The news, Dec. 20: the oil industry has been running a covert campaign to rewrite American car emissions rules; nine U.S. attorney generals sue the Trump administration over its intent to open the Atlantic Coast to oil and gas companies; the world's biggest investors tell a UN summit we need to tackle climate change or face a financial crash, urging substantial taxes on emissions; a Vancouver city councillor seeks a "climate emergency" declaration; and U.S. congresswoman-elect Alexandria Ocasio-Cortez tweets, "Our goal is to treat Climate Change like the serious, existential threat it is by drafting an ambitious solution on the scale necessary—aka a Green New Deal—to get it done."
This litany represents an open letter to the fossil-fuel industry stating that climate change is pushing us all in a new direction, and it must either get on board that train or be run over by it.
Meanwhile, de facto position letters are all the rage, whether posted privately or as searing opinions in mainstream and social media. A recent open letter from the loopy "Friends of Science Calgary" galloped in like some psycho-ward knight on a climate-denying unicorn to rescue damsel-in-distress Tim McKay, president of Canadian Natural Resources Ltd. (CNRL), who'd been forced to take precious time off from hauling moneybags to craft a propaganda-filled response to the Resort Municipality of Whistler's (RMOW) own recent missive to CNRL, part of West Coast Environmental Law's campaign for climate-cost responsibility, a mantle shared by 53 local governments in B.C., who, in a most polite Canadian way, joined the global trend of jurisdictions asking (well, mostly suing) oil companies over the incurred costs of climate damage.

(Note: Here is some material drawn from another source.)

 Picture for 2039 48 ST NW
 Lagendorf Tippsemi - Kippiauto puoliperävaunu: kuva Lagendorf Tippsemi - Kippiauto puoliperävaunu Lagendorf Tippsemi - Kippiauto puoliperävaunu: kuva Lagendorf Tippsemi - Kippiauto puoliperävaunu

Instead of the international arch-villains most municipalities targeted, the climate scofflaw the RMOW saw fit to address was a Canadian company. Unlike dozens of similar letters, however, Whistler's oddly made the rounds of creaky oilpatch fax machines and a coordinated backlash ensued from the usual suspects: whiny conservatives, hard-done-by oil execs, and Luddite online trolls whose comments made clear they'd never even read the letter let alone graduated Grade 5. But why was Whistler targeted? Surely not because CNRL founder Murray Edwards also owns Resorts of the Canadian Rockies, Whistler's de facto competitor? Nah, that's just too conspiratorial.
If there was one uniting thread in those defending-the-indefensible responses, it was that calling out the oil industry for climate duplicity was somehow hypocritical. Shame on us for fingering our own! For piling on the frightfully mismanaged Alberta oilpatch as it lays off workers while still posting record profits! For making clear that if we're willing to pay for our own climate sins as a town dependent on fossil-fuel-driven tourism, then producers should share the responsibility!
Oil-industry apologetics—memes used to derail any meaningful conversation about climate change—are perennially topped by this childish trope calling people hypocrites because they/everyone uses oil. Ditto Pique's letters section (Dec. 20). But here's a lesson in critical thinking: equating our inescapable dependency on oil with the proven criminal behaviour of an industry bent on creating that dependency, and that further saddles customers with the full costs of its pollution, is facile, iniquitous, illogical and completely irrelevant.
"There is nothing unfair in a municipality suing the fossil-fuel companies to recover the costs associated with climate change even though the municipality, like all of us, have and continue to contribute to climate change in one way or the other," Vancouver lawyer Joseph Arvay told the Vancouver Sun, adding that courts will determine proportionate—not sole—responsibility, and that fossil-fuel companies doubtless bear significant responsibility for greenhouse gas emissions (CNRL's global share is 0.08 per cent—a large number).
And they can afford to pay. For example, the $675,000 in fines (spills, gas leaks, deaths and non-compliance) CNRL paid since 2015 are mere annoyances in the face of the $3.4B profit it posted for the first nine months of 2018. Yet Whistler is on the hook for 100 per cent of costs for a climate problem created and perpetuated by an industry that: a) knew of it decades ago; b) covered it up to drive the economy into dependence on their product and away from renewables; c) actively funded climate denialism, and; d) continues to profit on the back of hefty public subsidies while increasing emissions, campaigning against regulations, and lobbying for exemptions from national action.
This adds up to a staggering litany of malfeasance that deserves the numerous lawsuits, divestment ($6.3 trillion to date)—and, yes, letters—it has drawn.
Oh, but apparently we're the hypocrites.